RNA - In comments dealing with a recent escalation of events in Syria’s border with the Israeli-occupied Palestinian territories, US Secretary of State Rex Tillerson has blamed Iran for the continued bloodshed in Syria, saying Tehran should end its “destabilizing” presence in Syria and allow peace to be restored to the Arab country.
However, many wonder who is really destabilizing Syria. Is it Iran, a country that has gone to any length to protect the legitimate government of Syria, or was it the US, which from the onset of war in March 2011 began to designate the heavily-armed militants and military defectors as the so-called moderate opposition of Syria and continued to generously support them through providing weapons, funding and training.
Washington cannot hide its anger at Iran and Russia becoming the saviors of Syria after an all-out war, which in the beginning was to change the political and security equations in the Middle East. For a long time, Syria was a major front in regional confrontation with Israel. It openly supported governments and fighters that countered Israel’s occupation of Palestine and its violation of the sovereignty of countries such as Lebanon.
The fall of Syria, as it was envisaged in the West, could mean an end to Damascus’ anti-Israeli policies and could create a sense of relief for the regime in Tel Aviv. That dream actually failed to materialize and after more than seven years, Israel and the US, as its main ally, feel more insecure than ever as Syria is regaining control over many parts of its territories. Moreover, Syria has established stronger military and political ties with Iran and Russia, the two countries that backed it in the war on terror, and it has become more engaged with the Lebanese resistance movement Hezbollah, an arch enemy of Israel.
Now, US officials are becoming more fearful about Israel’s grim future and what could happen to it in adjacency of a revitalized Syria. To offset those concerns, they now try to highlight Iran’s continued presence in Syria as a threat, pretending that Tehran is fueling the violence.

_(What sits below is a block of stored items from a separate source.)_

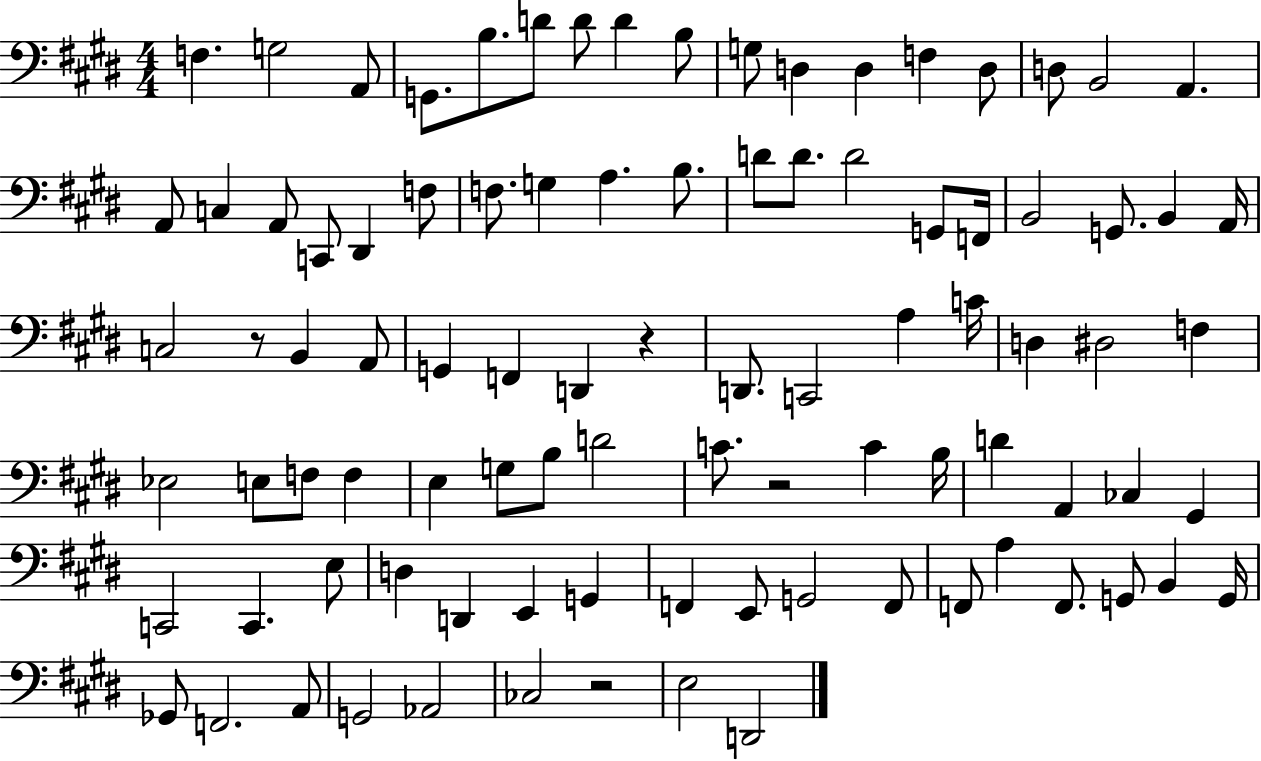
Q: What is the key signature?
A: E major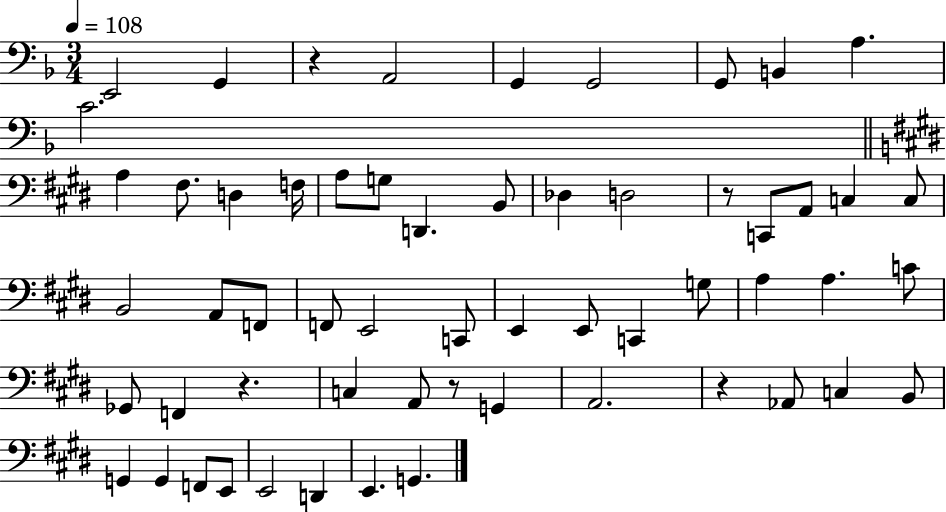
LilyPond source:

{
  \clef bass
  \numericTimeSignature
  \time 3/4
  \key f \major
  \tempo 4 = 108
  \repeat volta 2 { e,2 g,4 | r4 a,2 | g,4 g,2 | g,8 b,4 a4. | \break c'2. | \bar "||" \break \key e \major a4 fis8. d4 f16 | a8 g8 d,4. b,8 | des4 d2 | r8 c,8 a,8 c4 c8 | \break b,2 a,8 f,8 | f,8 e,2 c,8 | e,4 e,8 c,4 g8 | a4 a4. c'8 | \break ges,8 f,4 r4. | c4 a,8 r8 g,4 | a,2. | r4 aes,8 c4 b,8 | \break g,4 g,4 f,8 e,8 | e,2 d,4 | e,4. g,4. | } \bar "|."
}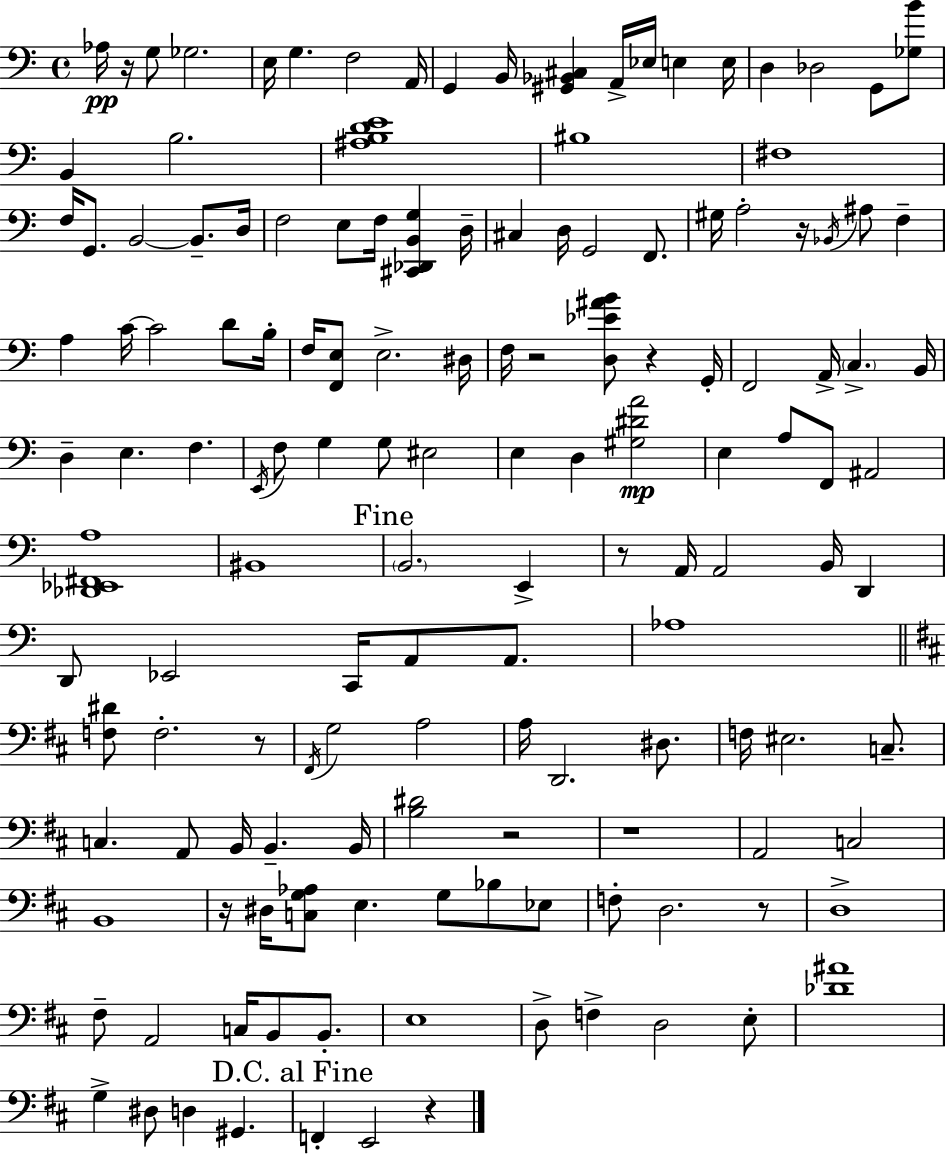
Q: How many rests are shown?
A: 11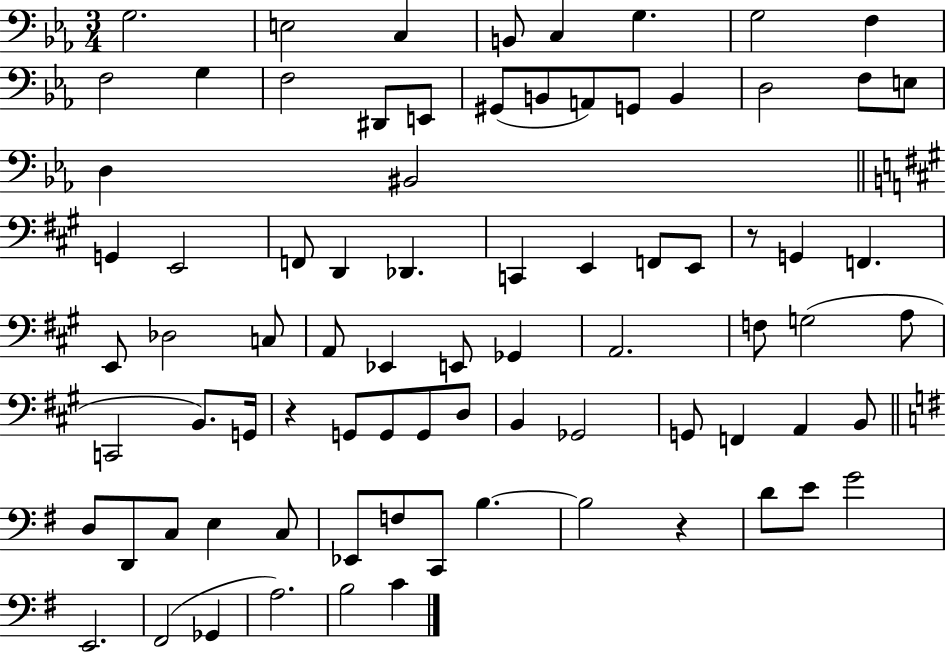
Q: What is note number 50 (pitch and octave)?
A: G2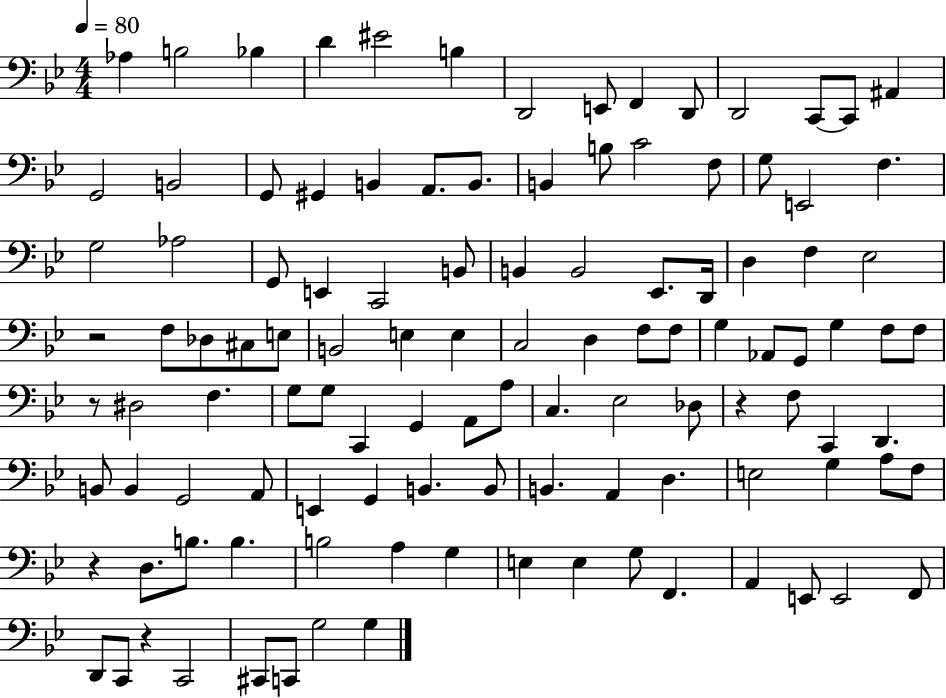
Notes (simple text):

Tillerson said on Wednesday that Iran should withdraw from Syria, saying Tehran was responsible for a recent escalation in Syria's borders with the occupied territories. He even accused Iran of hampering the United Nations' efforts to restore peace in Syria.

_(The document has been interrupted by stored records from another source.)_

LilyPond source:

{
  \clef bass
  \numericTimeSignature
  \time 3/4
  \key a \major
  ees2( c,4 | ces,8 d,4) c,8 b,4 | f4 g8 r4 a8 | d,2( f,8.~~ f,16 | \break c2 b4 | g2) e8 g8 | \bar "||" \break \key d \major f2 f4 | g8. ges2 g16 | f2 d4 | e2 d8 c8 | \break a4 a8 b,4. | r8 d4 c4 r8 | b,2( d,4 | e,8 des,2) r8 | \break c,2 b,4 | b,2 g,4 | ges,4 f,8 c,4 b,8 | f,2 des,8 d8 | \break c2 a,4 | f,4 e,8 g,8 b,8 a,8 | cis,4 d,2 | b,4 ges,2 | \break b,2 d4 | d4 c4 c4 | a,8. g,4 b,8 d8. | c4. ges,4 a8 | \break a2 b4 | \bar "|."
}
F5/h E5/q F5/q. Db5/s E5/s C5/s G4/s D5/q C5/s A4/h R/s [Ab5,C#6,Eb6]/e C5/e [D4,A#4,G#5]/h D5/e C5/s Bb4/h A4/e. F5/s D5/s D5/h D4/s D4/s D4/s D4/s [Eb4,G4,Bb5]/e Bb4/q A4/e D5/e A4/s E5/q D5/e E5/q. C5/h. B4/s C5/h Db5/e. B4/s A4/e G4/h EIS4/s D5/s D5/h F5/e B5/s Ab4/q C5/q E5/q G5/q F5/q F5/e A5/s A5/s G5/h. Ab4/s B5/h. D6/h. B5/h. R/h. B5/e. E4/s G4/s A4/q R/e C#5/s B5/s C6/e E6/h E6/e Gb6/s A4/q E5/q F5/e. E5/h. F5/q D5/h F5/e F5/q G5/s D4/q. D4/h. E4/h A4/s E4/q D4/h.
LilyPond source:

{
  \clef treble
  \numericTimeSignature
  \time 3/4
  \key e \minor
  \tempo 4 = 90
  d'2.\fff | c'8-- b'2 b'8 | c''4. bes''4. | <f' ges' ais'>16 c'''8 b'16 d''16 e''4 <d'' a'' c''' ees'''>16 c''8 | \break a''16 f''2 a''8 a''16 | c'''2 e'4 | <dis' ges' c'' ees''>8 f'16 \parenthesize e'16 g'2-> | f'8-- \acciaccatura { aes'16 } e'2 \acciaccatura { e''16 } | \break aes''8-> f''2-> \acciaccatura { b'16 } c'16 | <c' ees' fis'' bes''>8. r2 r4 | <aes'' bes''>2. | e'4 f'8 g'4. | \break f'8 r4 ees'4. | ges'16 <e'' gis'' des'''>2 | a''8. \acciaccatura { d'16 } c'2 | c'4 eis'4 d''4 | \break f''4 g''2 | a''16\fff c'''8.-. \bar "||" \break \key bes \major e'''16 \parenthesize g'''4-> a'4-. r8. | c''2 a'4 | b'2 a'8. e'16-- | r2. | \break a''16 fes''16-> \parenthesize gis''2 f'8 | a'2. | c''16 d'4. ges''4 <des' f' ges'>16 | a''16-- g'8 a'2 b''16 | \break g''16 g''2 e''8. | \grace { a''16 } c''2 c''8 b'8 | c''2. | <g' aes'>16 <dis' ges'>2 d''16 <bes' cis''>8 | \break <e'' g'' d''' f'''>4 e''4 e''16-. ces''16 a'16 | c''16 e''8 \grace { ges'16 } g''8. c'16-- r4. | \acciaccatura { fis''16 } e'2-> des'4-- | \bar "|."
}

“We are quite concerned about the recent incident involving Israel and Iranian assets inside of Syria. And I think this again illustrates why Iran's presence in Syria is only destabilizing to the region,” Tillerson said, adding “Iran needs to withdraw its military, its militia from Syria, and allow a hope for the peace process to take hold in Geneva.”

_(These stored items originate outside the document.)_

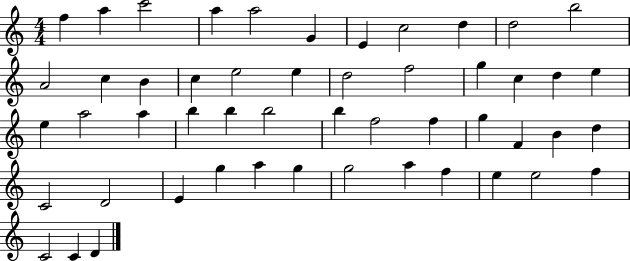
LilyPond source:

{
  \clef treble
  \numericTimeSignature
  \time 4/4
  \key c \major
  f''4 a''4 c'''2 | a''4 a''2 g'4 | e'4 c''2 d''4 | d''2 b''2 | \break a'2 c''4 b'4 | c''4 e''2 e''4 | d''2 f''2 | g''4 c''4 d''4 e''4 | \break e''4 a''2 a''4 | b''4 b''4 b''2 | b''4 f''2 f''4 | g''4 f'4 b'4 d''4 | \break c'2 d'2 | e'4 g''4 a''4 g''4 | g''2 a''4 f''4 | e''4 e''2 f''4 | \break c'2 c'4 d'4 | \bar "|."
}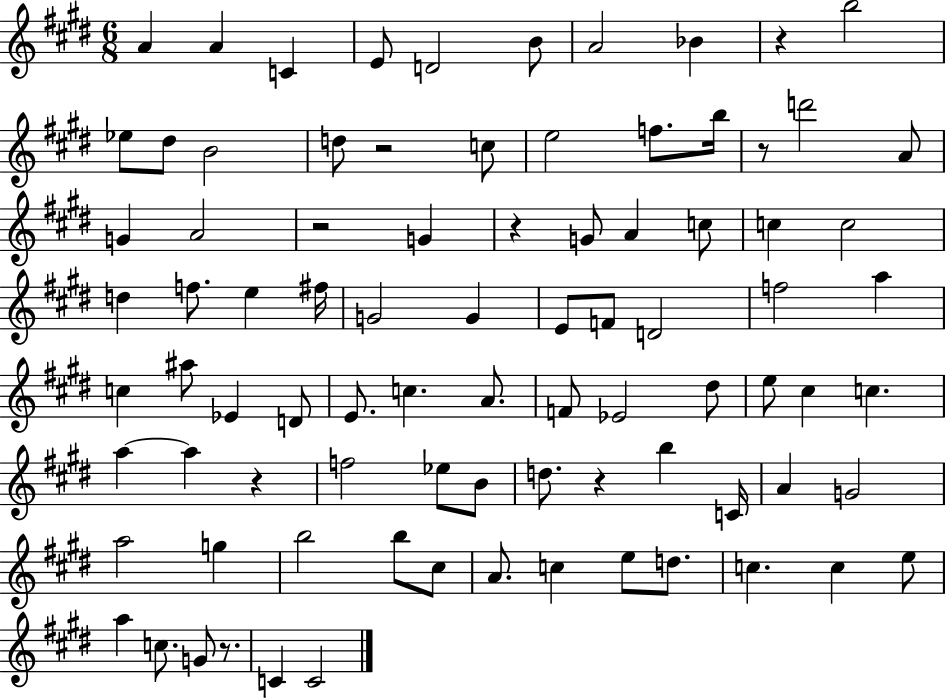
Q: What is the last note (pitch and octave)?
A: C4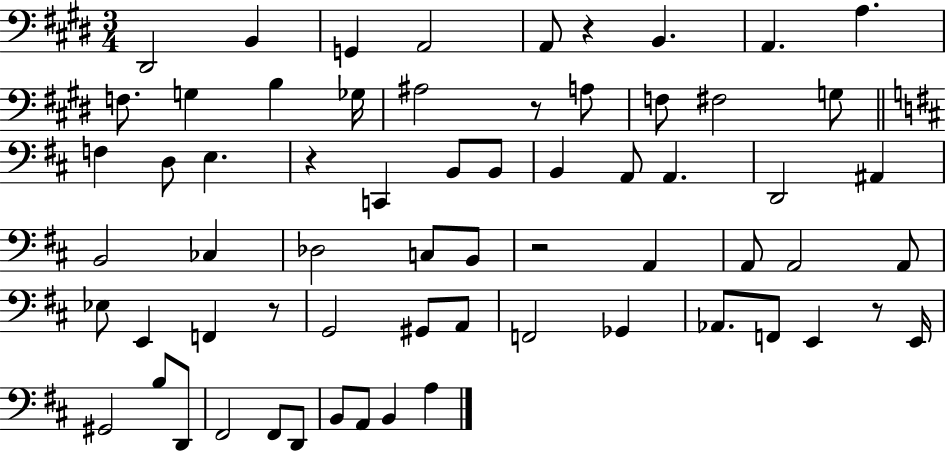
X:1
T:Untitled
M:3/4
L:1/4
K:E
^D,,2 B,, G,, A,,2 A,,/2 z B,, A,, A, F,/2 G, B, _G,/4 ^A,2 z/2 A,/2 F,/2 ^F,2 G,/2 F, D,/2 E, z C,, B,,/2 B,,/2 B,, A,,/2 A,, D,,2 ^A,, B,,2 _C, _D,2 C,/2 B,,/2 z2 A,, A,,/2 A,,2 A,,/2 _E,/2 E,, F,, z/2 G,,2 ^G,,/2 A,,/2 F,,2 _G,, _A,,/2 F,,/2 E,, z/2 E,,/4 ^G,,2 B,/2 D,,/2 ^F,,2 ^F,,/2 D,,/2 B,,/2 A,,/2 B,, A,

According to Press TV, Tillerson made the comments in Amman, the capital of Jordan, a kingdom which borders Syria’s province of Dayr al-Zawr, where government forces have managed to liberate key cities and towns relying on Iranian and Russian support. Russia, which unlike Iran, has a direct military presence in Syria, has repeatedly accused the United States of trying to hamper Syria's full victory against the Daesh Takfiri terrorist group. Moscow has released evidence showing that US forces stationed in Dayr al-Zawr’s border regions and in Jordan have been collaborating with Daesh and other militants through providing intelligence about Syrian and Russian forces.
Tillerson's comments came just days after the US military admitted it had carried out heavy bombardments on Syrian pro-government forces in Dayr al-Zawr, an attack that reportedly killed more than 200 people, including private Russian military contractors.
Russia is in Syria based on an official request by the government. Iran also helps Syria through its military advisors based on similar demands by Damascus. Lacking such a mandate and authorization, the US has operated around and inside Syria’s borders over the past years and reports show that it is increasing its deployment in the Jordanian border, a clear sign it is wary of the turn of events in the region.
So, the question is who is really behind the protracted violence in Syria and who is really destabilizing the country now that it is back on its feet?'
Syria has on several occasions called on the UN to force Washington to stop its aggression against on the Arab country’s sovereignty. It has designated as a violation of Syria's territorial integrity the US airstrikes that are as part of a so-called campaign against Daesh, which began four years ago in neighboring Iraq and then expanded into Syria. US warplanes have targeted civilians in hospitals and schools as part of their alleged fight against Daesh. They are now becoming increasingly involved in attacks against government forces and allies in Dayr al-Zawr, where Iran played a huge role in bringing Daesh to its last legs.
Iran has officially called on the US to end its military adventures in Syria and allow the country to re-establish authority on its territories. Ali Akbar Velayati, a former foreign minister and a senior foreign policy adviser to Leader of the Islamic Revolution Ayatollah Seyyed Ali Khamenei, said on Wednesday that it was Washington, in fact, that was an unwelcome guest and a destabilizing force in Syria.
“Those should leave Syria who are there without the permission of the legal Syrian government,” said Velayati while reacting to Tillerson’s latest comments.